Recent discussions of President George W. Bush's legacy have mostly glossed over his 2005 push to privatize Social Security.
And it's no wonder. On first glance, Bush's 2005 push to privatize Social Security seems like it was not one of his lasting legacies. Not only did it fail -- it failed in spectacular fashion, taking the idea of privatization and the Bush presidency down with it. Bush's attempt at privatization was as responsible for the Democrats' 2006 sweep of Congress as Hurricane Katrina and the deterioration of the Iraq War.
Nonetheless, nearly a decade after the defeat of privatization per se, Bush's plan has succeeded in shaping the Social Security debate. President Bush's attempt to privatize Social Security paved the way for President Obama to embrace cuts that, in effect, partially privatize the program.
Here's how: By pursuing privatization as a Republican president, Bush moved the entire Social Security policy spectrum to the right. It represented a dramatic shift to the right for the Republican Party. Bush turned explicit privatization into a mainstream Republican position where it had not been before.
As a result, Democrats also moved further to the right on Social Security. They no longer needed to distinguish themselves as defenders of Social Security by opposing all cuts or favoring expanding benefits. Many Democrats began to feel that they could reap the political benefits of championing Social Security merely by declaring their opposition to explicit privatization.
Consider President Obama. In his speech accepting the Democratic nomination for president this past August, the President stated only this about Social Security: "And we will keep the promise of Social Security by taking the responsible steps to strengthen it, not by turning it over to Wall Street." Defending Social Security has been redefined to encompass any position shy of advocating the program's outright elimination.
President Obama's stated openness to Social-Security-cuts-that-are-not-explicit-privatization has been borne out in his aggressive pursuit of benefit cuts.
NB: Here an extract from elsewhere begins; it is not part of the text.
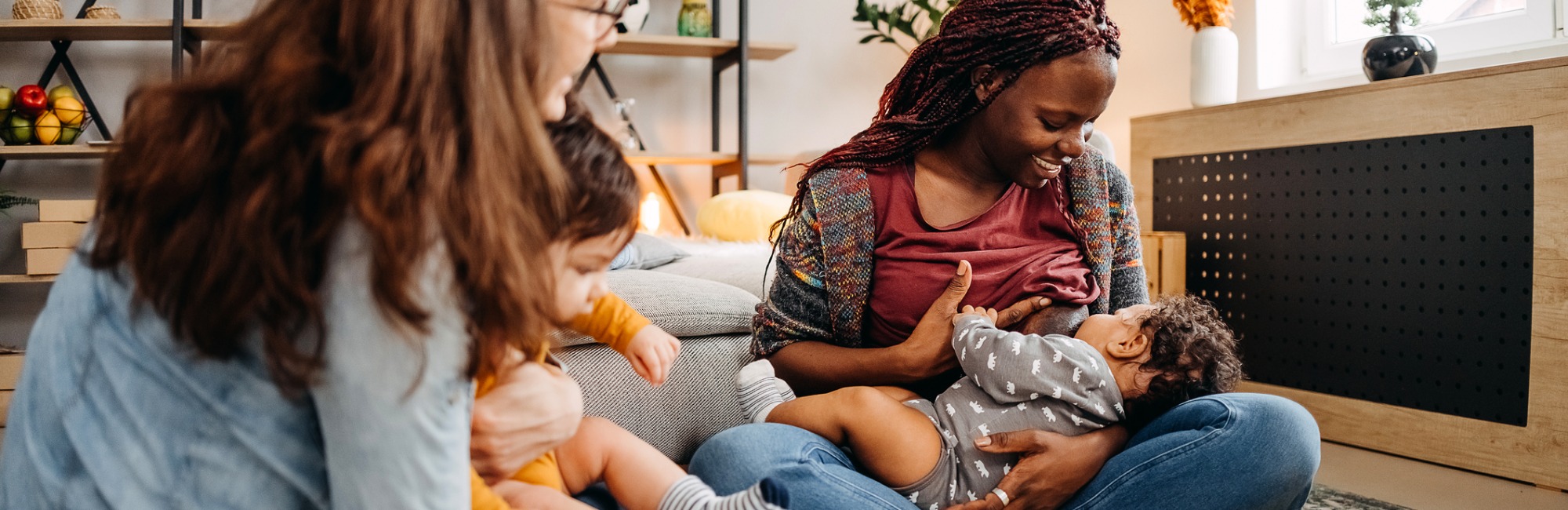 mother breastfeeds her baby while other mother plays with baby in lap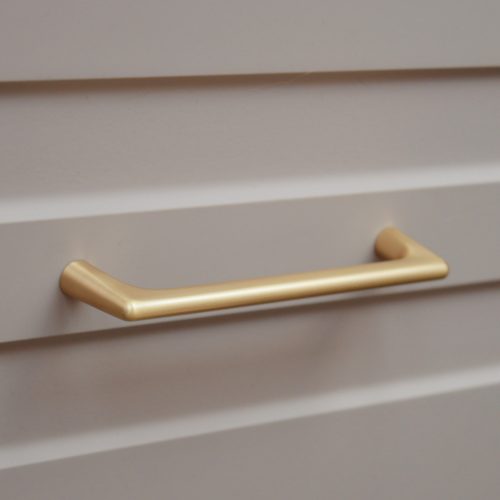 OCTAVIO Fém fogantyú, 128 mm furattáv, csiszolt arany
We should not delude ourselves into thinking that the president has embraced cuts with his back to the wall (can that be said of any incumbent president who is reelected by a margin of 126 electoral votes?). He has repeatedly offered to cut Social Security benefits through the chained Consumer Price Index (CPI), a stingier formula for the cost-of-living adjustment that would allow inflation to erode benefits more and more over time. Most recently, the president included the chained CPI in his FY2014 budget.
And there is no denying that Chained CPI is a significant cut in benefits. Even with President Obama's proposed benefit enhancement, which is not likely to pass, chained CPI cuts cumulative Social Security benefits for an average earner by $15,615 at age 95.
Liberal defenders of the President argue that the chained CPI, regardless of what one thinks of it, is fundamentally less harmful than privatizing the program.
In fact, chained CPI amounts to de facto partial privatization, because it forces people to substitute the income they would get from Social Security with private savings. The chained CPI will make middle-class workers choose between living with less income in retirement and putting more money in a risky 401k-type plan with gratuitous fees. The economist Dean Baker estimates that workers already lose $900 billion of private savings to fees over a 10-year period relative to what they would receive under an efficient plan. Chained CPI just puts them in a position where they have to fork over more money.
Meanwhile, lower-income workers, who cannot afford to save more money for retirement, won't even have the option of that bad deal. Chained CPI is guaranteed to reduce their income in old age.
None of this is to say that President Bush is directly responsible for the chained CPI. There are many factors at play. Still, if President Obama signs the chained CPI into law, Bush's attempt to privatize the program will be remembered as a "failure" that influenced policy years after it occurred.
Views expressed are the author's own.